(Australian Associated Press)
Mining giant Rio Tinto is set to unveil a rebound in profitability at its full-year results on Wednesday, tracking the bounce in iron ore prices in recent months.
The world’s second-biggest iron ore exporter is expected to report net profit in the range of $US4.8 billion to $US5.05 billion ($A6.3 billion and $A6.6 billion), according to analyst forecasts.
That compares to an annual loss of $US866 million a year ago.
In August, Rio reported half-year profit of $US1.7 billion.
The main driver for the growth this year has been consistent gains in commodity prices in the latter half of 2016 – particularly for iron ore, Rio’s main revenue earner.
Iron ore prices slumped to a decade low of $US38 a tonne at the end of 2015 but have rebounded sharply in recent months on the back of unexpectedly strong demand in China.

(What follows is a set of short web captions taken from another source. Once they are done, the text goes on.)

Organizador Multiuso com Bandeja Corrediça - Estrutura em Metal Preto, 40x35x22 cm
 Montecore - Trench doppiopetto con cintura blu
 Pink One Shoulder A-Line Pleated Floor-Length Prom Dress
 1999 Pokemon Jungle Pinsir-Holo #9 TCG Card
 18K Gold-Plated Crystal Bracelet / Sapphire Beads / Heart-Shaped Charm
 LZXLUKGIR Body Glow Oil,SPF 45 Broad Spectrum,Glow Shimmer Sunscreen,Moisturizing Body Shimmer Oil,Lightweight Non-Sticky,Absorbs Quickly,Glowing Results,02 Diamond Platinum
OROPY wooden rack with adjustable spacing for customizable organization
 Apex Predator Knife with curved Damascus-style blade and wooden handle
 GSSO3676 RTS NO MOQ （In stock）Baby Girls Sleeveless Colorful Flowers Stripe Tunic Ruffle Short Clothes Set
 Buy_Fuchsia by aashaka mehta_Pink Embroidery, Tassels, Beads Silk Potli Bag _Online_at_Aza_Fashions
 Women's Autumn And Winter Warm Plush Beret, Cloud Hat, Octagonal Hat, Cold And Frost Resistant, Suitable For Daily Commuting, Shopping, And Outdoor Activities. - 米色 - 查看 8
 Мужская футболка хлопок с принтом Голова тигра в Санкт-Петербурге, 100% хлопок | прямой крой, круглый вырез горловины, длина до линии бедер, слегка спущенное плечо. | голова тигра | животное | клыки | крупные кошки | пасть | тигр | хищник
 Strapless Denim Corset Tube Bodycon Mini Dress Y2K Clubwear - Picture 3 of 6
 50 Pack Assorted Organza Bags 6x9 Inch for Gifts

The steel-making ingredient nearly doubled in value during 2016 and currently trades around $US80 a tonne.
Rio has taken full advantage of the the gains by lifting ore shipments for the year to 327.6 million tonnes, three per cent higher than the previous year.
“Commodity prices have certainly improved, and when you see that they have continued to take out costs, the margins are bound to improve,” Fat Prophets mining analyst David Lennox says.
Rio has outlined sharp cuts in capital expenditure and operating costs over the past three years and is targeting a further $2 billion of cash cost savings by the end of next year.
The mining giant in January finalised a near-exit from thermal coal, which it no longer views as a core business, selling its NSW energy coal operations to China’s Yancoal for $US2.45 billion.
Over the past few months, it has also divested Scottish aluminium assets, and sold off its stake in the Simandou iron ore project in Guinea to partner Chinalco.
The better earnings result will mean a significant increase in the shareholder payout, a year after the company ended its generous dividend policy.
Analysts expect Rio Tinto to pay a full-year dividend of between $US1.35 and $US1.40 a share, higher than its August commitment to pay at least $US1.10 a share.
However, recent expectations for a share buyback appear to have diminished.
“With Rio shares having rallied 10 per cent in the past six weeks, a lump-sum buyback now appears less likely. A program may be executed throughout this year, however,” Deutsche Bank analysts said ahead of the results.